1
Introduction
- Vector quantization (VQ) has been commonly used in the compression
of image and speech signals. In vector quantization, a reproduction vector
(codevector) in a predesigned set of vectors (codebook) approximates each
set (vector) of the input signal. This representative codevector, the nearest
neighbor of the source vector, gives the least dissimilarity (distortion)

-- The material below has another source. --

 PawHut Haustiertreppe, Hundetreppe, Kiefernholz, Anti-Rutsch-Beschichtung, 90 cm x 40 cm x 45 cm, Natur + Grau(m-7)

among all the codevectors in the codebook. In vector quantization, compression
is achieved by transmitting or storing the indices associated to the codevectors
instead of the codevectors because of the far fewer bits required for the
indices. The following Figure 1 shows the principle
of the resulting encoder and decoder.
- Vector quantization is the extension of scalar quantization. Basically
in signal processing converting a analog source - continuous time and amplitude
- into a digital source - discrete time and amplitude - results in two
operations: sampling and quantization. In the following context,
a source is regarded as stochastic process described by a probability density
function. A particularly realization of such a source is a signal. So sampling
means to convert a continuous-time signal into a discrete-time signal –
a set of data samples. Quantization means to convert a continuous-amplitude
signal into a discrete-amplitude signal.
- Vector quantization is characterized by its dimension,
equal to the number of data samples in a set, which is quantized jointly
as a single vector. Then vector quantization means to approximate an infinite
set of vectors by a limited set of vectors. This approximation can be regarded
as a lossy compression method characterized by its distortion
and its compression rate. The distortion measures the loss of information
induced by the quantization. For images is this loss a degradation in details.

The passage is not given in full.